» TASK STATEMENT
A faithful copy of the listing below is needed, with its pictures left out.
━━━ RAW DATA ━━━
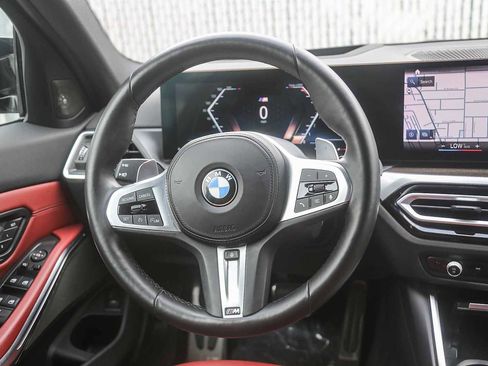 Used 2023 BMW M340i image 12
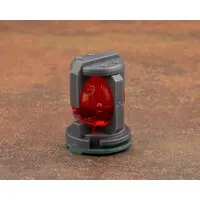 1/72 Scale Model Kit - ZOIDS / Cannon Tortoise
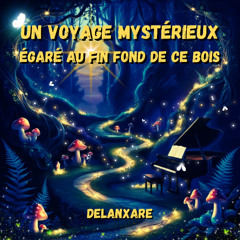 Un voyage mystérieux égaré au fin fond de ce bois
━━━
» ANSWER SPACE
 Used 2023 BMW M340i image 12
 1/72 Scale Model Kit - ZOIDS / Cannon Tortoise
 Un voyage mystérieux égaré au fin fond de ce bois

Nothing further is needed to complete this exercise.